What to do => Directions for the data below: repeat exactly the lines from the one with "Screened patio featuring" through the one with "Cylindrical, lidded vessel", both included, and omit all pictures.

Short descriptive text snippets

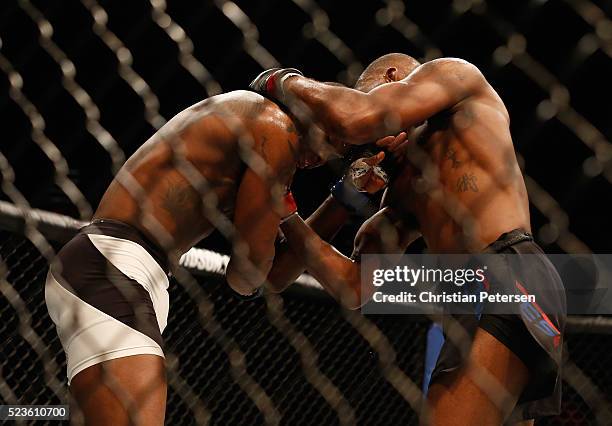 Jon Jones uppercuts Ovince Saint Preux in their interim UFC light heavyweight championship bout during the UFC 197 event inside MGM Grand Garden...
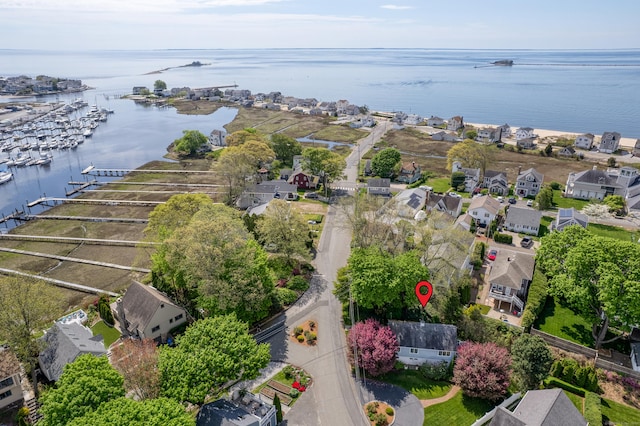 aerial view of residential area with a nearby body of water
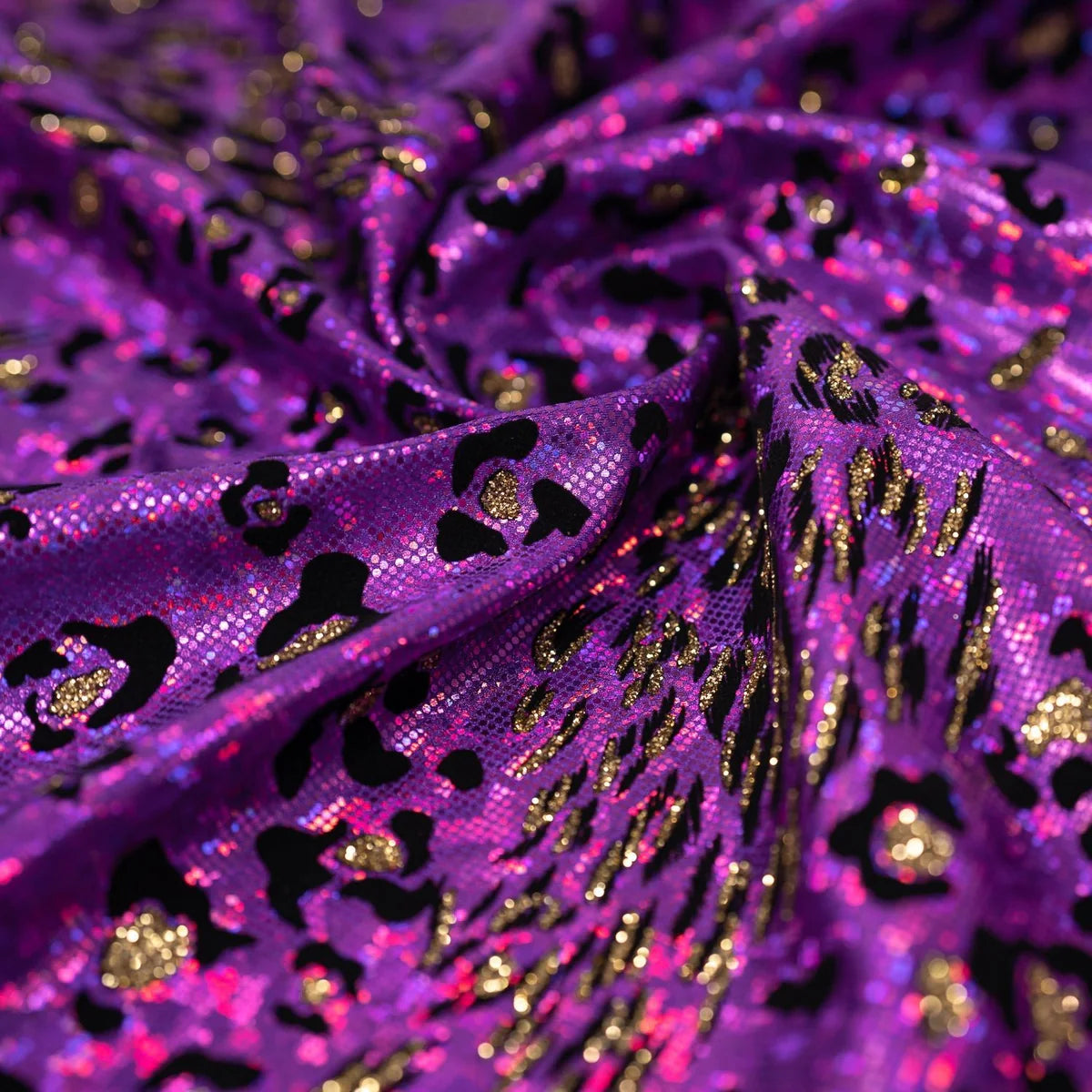 Close-up of purple fabric with black and gold patterns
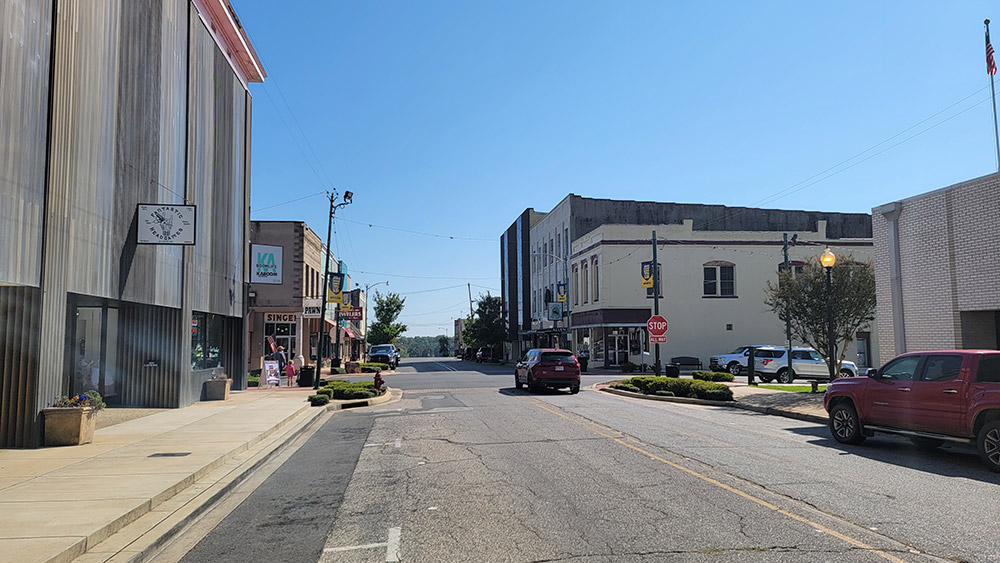 Small town street lined with multistory businesses
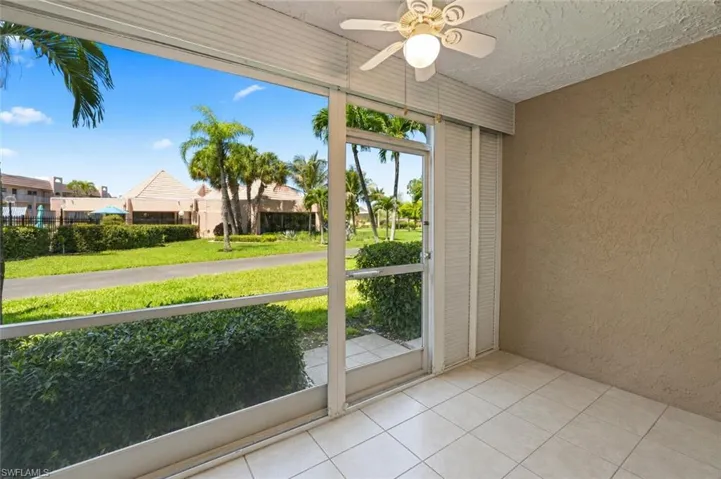 Screened patio featuring tile flooring, textured walls, and a ceiling fan with light fixture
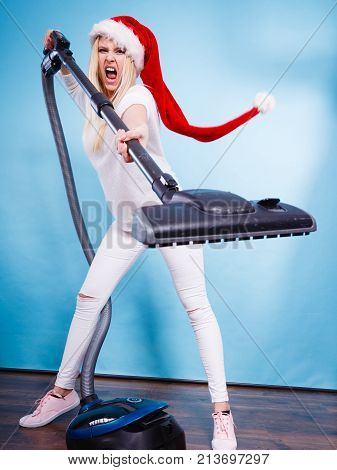 Woman vacuuming the house last minute. Teen girl in santa helper hat with vacuum cleaner angry furious face expression. Christmas time and housework concept.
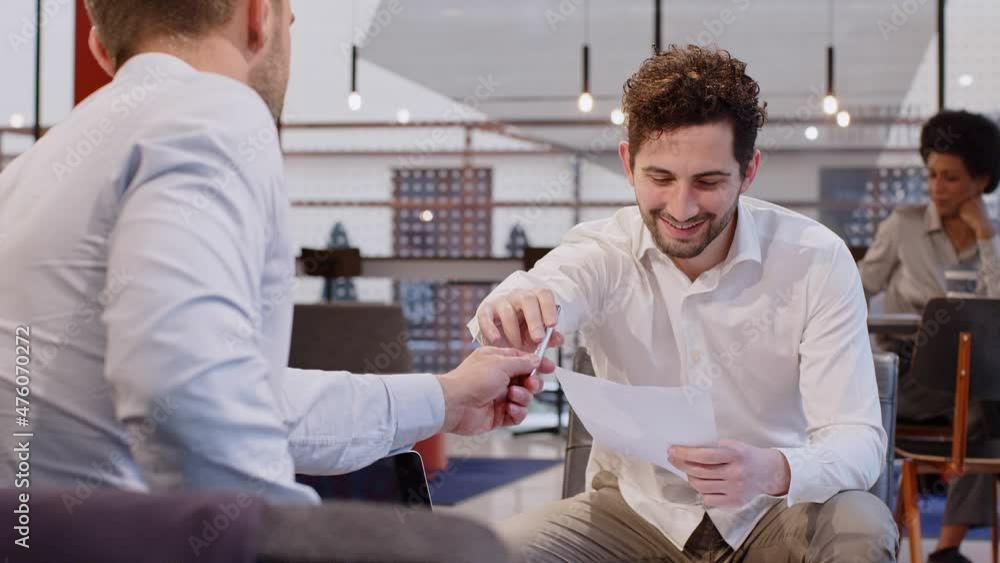 Businessmen discussing contract sitting in office Businessmen discussing contract sitting in office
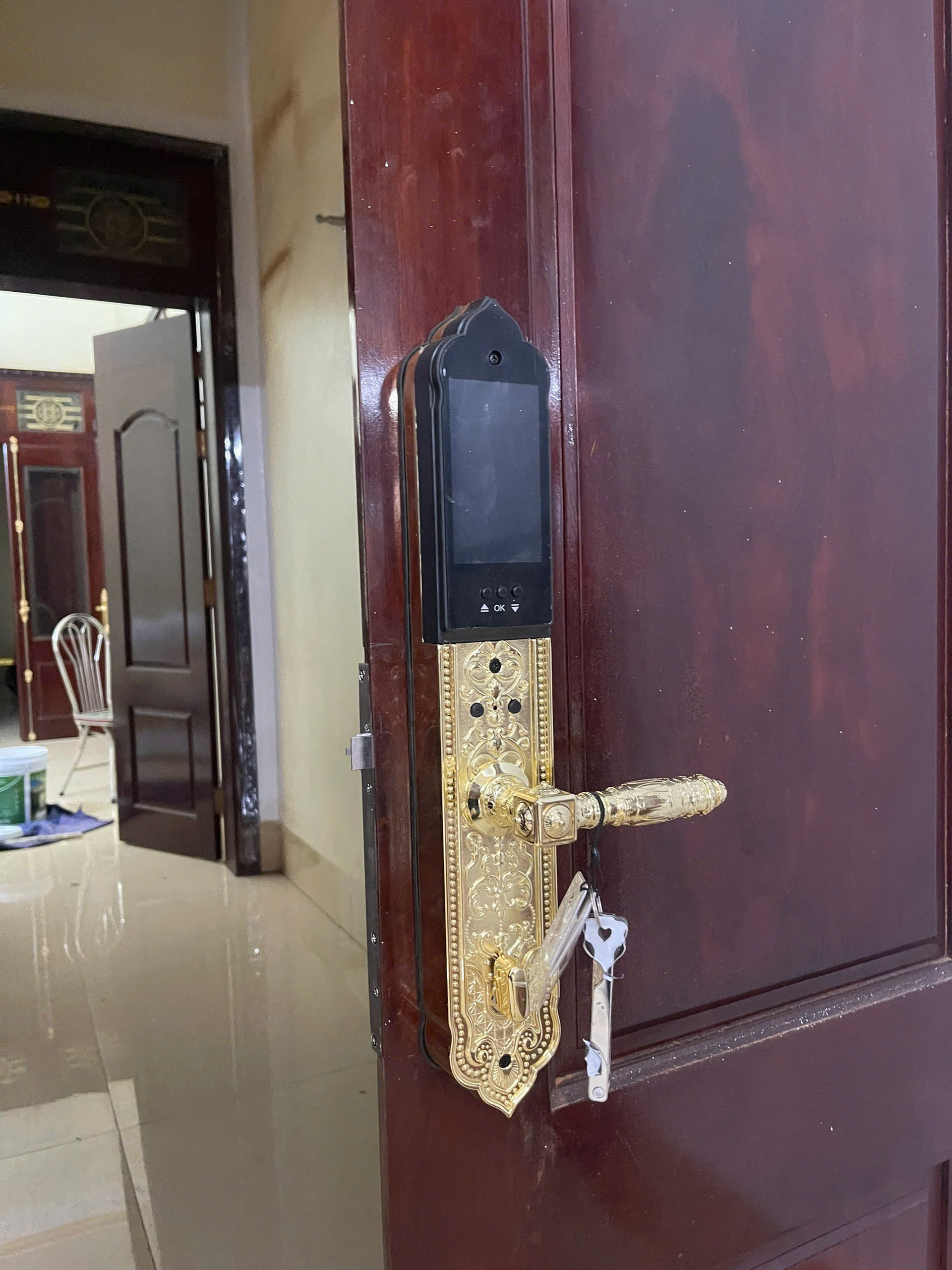 Khóa Avolock AC-996F lắp đặt thực tế trên cửa gỗ nâu đỏ, mặt khóa mạ vàng nổi bật, có chùm chìa cơ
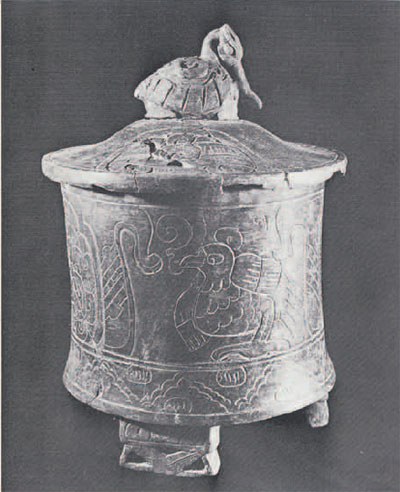 Cylindrical, lidded vessel with bird handle and legs, bird designs incised into the vessel.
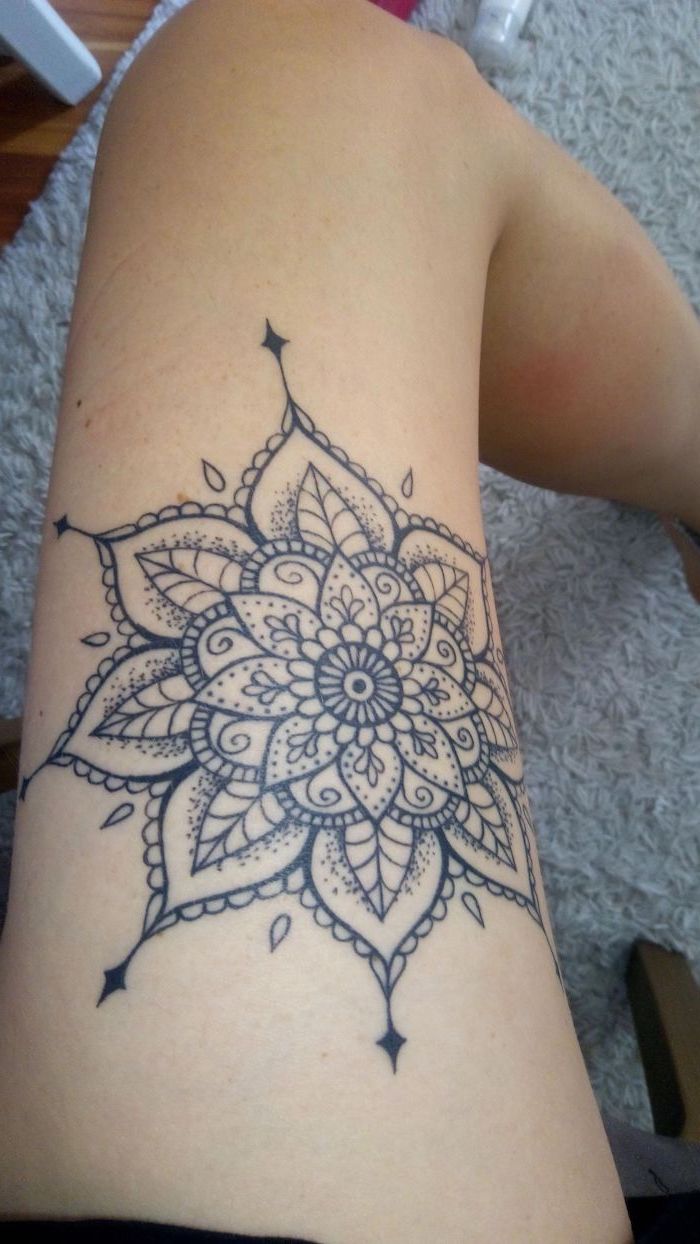 thigh tattoos for girls, mandala flower tattoo, white carpet, wooden floor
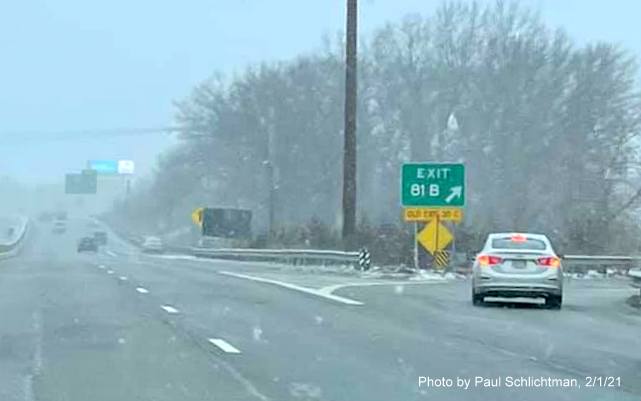 Image of gore sign for I-495 South exit with new milepost based exit number with yellow old exit number below on US 3 North in Chelmsford, by Paul Schlichtman. February 2021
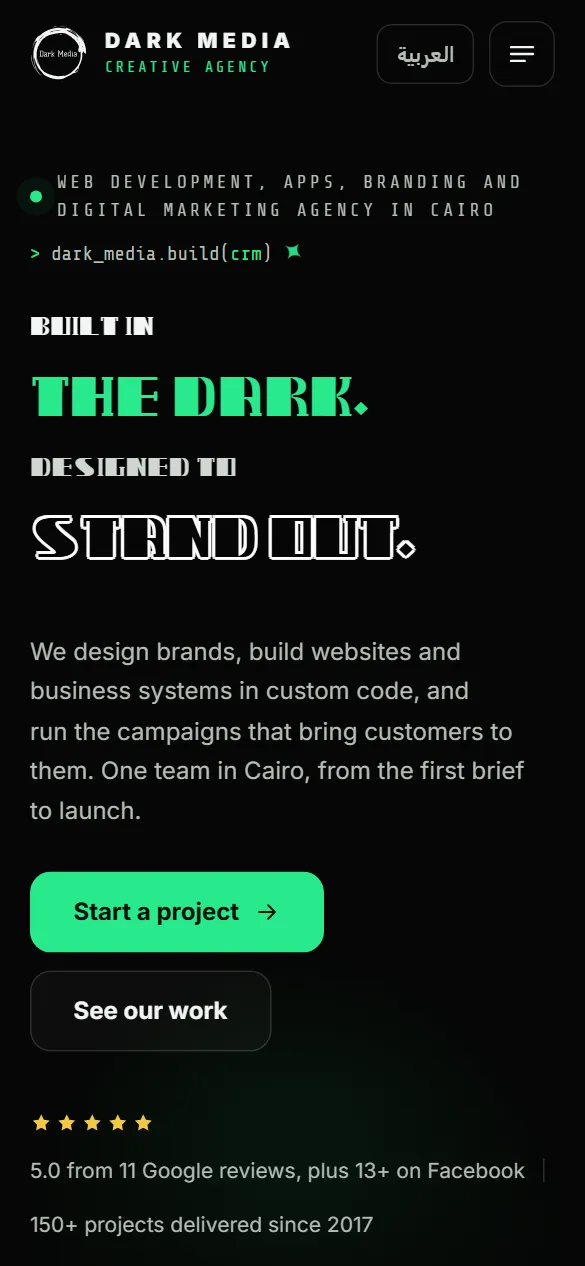 Minimal dark portfolio homepage on a mobile phone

Solution =>
 Screened patio featuring tile flooring, textured walls, and a ceiling fan with light fixture
 Woman vacuuming the house last minute. Teen girl in santa helper hat with vacuum cleaner angry furious face expression. Christmas time and housework concept.
 Businessmen discussing contract sitting in office Businessmen discussing contract sitting in office
 Khóa Avolock AC-996F lắp đặt thực tế trên cửa gỗ nâu đỏ, mặt khóa mạ vàng nổi bật, có chùm chìa cơ
 Cylindrical, lidded vessel with bird handle and legs, bird designs incised into the vessel.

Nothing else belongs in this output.